Once all feature branches selected for a specific release are finalized and merged back in origin/master, the release process can start.

Stage 1: Code Slush¶

The first phase of a release publishing cycle starts with a code slush. Under code slush, origin/master is not hard protected against any change, but stabilization PRs (i. e. bug fixes, quality improvements) will get a higher priority. The priority order expressed in PR classes:

qca (bug fixes, quality improvements)
doc (documentation updates and polishing)
imp (improvements, enhancements, optimisation)

new and pro class PRs should be avoided and postponed to after the release has been finalized.

The code slush phase ends with production of the first alpha release.

Stage 2: Code Freeze¶

The second phase begins with the release of the first alpha version. From here on, a strict code freeze is imposed on origin/master. This means no PRs will be accepted and merged unless linked to the upcoming release. Normally, this means only qca class PRs linked to issues related to the upcoming release milestone will be considered.

Under code freeze, alpha and beta versions are tagged in master and released for wider testing.

Stage 3: Pre-Release¶

If maturity in origin/master is considered sufficient for release, a dedicated release branch for the release is created (release/major.minor). The code freeze on master persists. From now on, release-related qca fixes are to be applied to the release branch. During the pre-release phase, release candidate releases are tagged in the release branch and published to further mature the release.

Stage 4: Release¶

As soon as the maturity in the release branch is sufficient for a final release, all pending PRs have to be either merged or rejected. The head of the release branch has to be tagged with the final release number, and the release branch has thereafter to be converted into a protected branch.

The release itself has to be created on GitHub using the final release tag as anchor reference.

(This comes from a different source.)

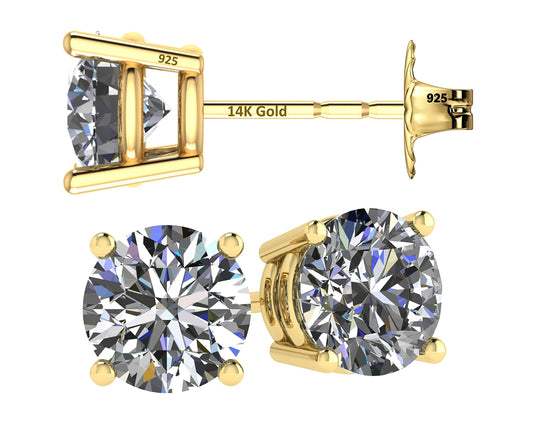 Central Diamond Center 14K Solid Gold Post & Sterling Silver Made with Swarovski 4 Prong CZ Stud Earrings - Yellow Gold Plated - 5.25mm - 1.00cttw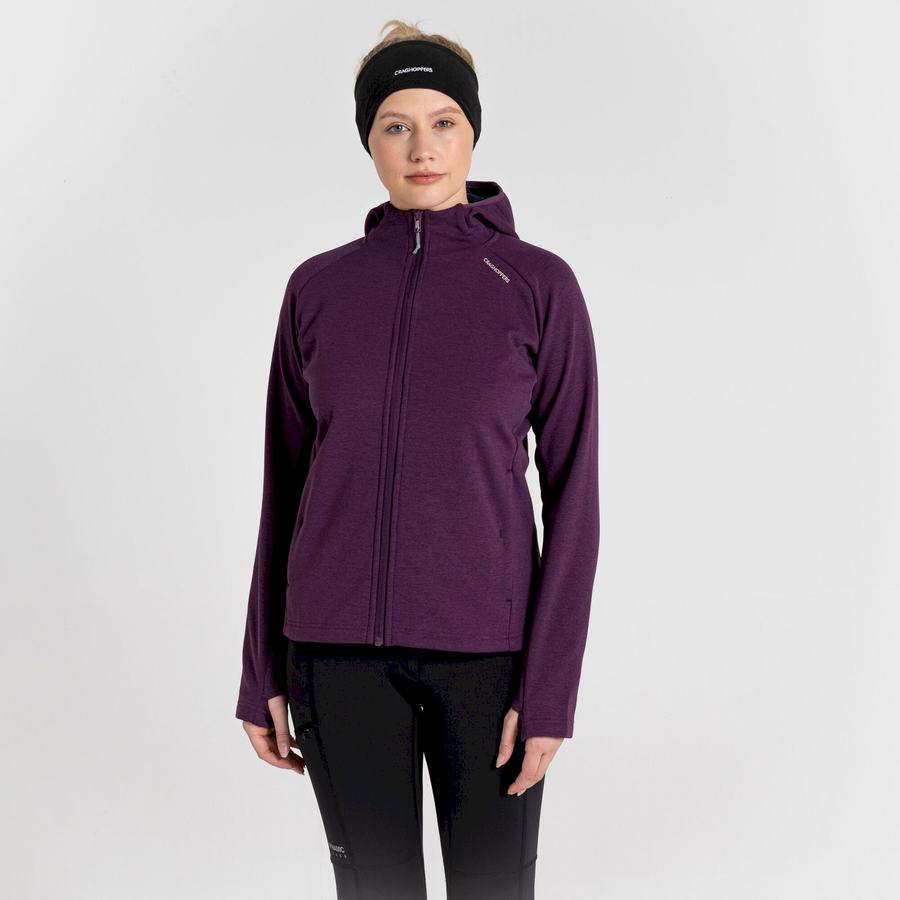 Deep Purple Craghoppers Dynamic Pro Hooded Women's Sweaters | BJQ2485WV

The release branch has now to be merged back into origin/master, and with a further local PR, the version in origin/master has to be bumped to the next release cycle (this is no final decision, it can be reverted at a later stage). This formally lifts the code freeze on origin/master and allows to proceed with PRs that use a properly rebased feature branch with most recent changes in origin/master.

Stage 5: Maintenance¶

As the release branch is now managed as protected branch, direct commits to this branch are no longer possible. Instead, if a published release needs fixing, and the fix is well contained so it can be contained as patch and not as minor or even major release change, the following procedure has to be applied:

A hotfix branch has to be created (outside``origin``), based on the release branch at the last published version tag. There the necessary amendments can be developed and matured. Once finalized, the hotfix branch has to be merged back into the release branch via pull request, and subsequently a new patch version has to be tagged in the release branch, and the new patch release shall be published.

Important

Support for all prior versions from a release branch cedes the moment a new patch version is published.

As a final step after a patch has been published, the fix needs to be introduced to origin/master if still applicable there (e. g. an intermediate architectural change could have removed entirely the concerned code from origin/master). If still applicable, the method of injection has to be chosen on how far origin/master has diverted from the (now patched) release branch.

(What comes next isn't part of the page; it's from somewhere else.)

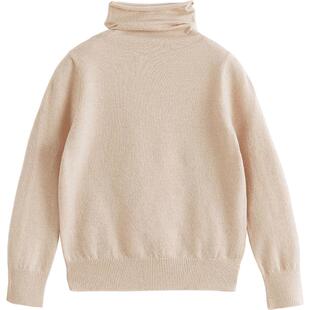 马克珍妮女童卷边高领绵羊毛打底衫 儿童毛衣2025年秋冬款241692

If both branches are still closely enough together, a pull request would be the preferred technique to merge the changes into origin/master. If however both branches have diverted significantly (e. g. due to long-term support), other techniques such as cherry-picking the patch commit or even a “manual” injection via a dedicated feature branch might be the appropriate solution.

Hint

While bringing a fix back into origin/master is mandatory, the choice of technique to accomplish this is subject to common sense of the core team, as it is nearly impossible to anticipate any combination of factors that might arise in the future around that subject.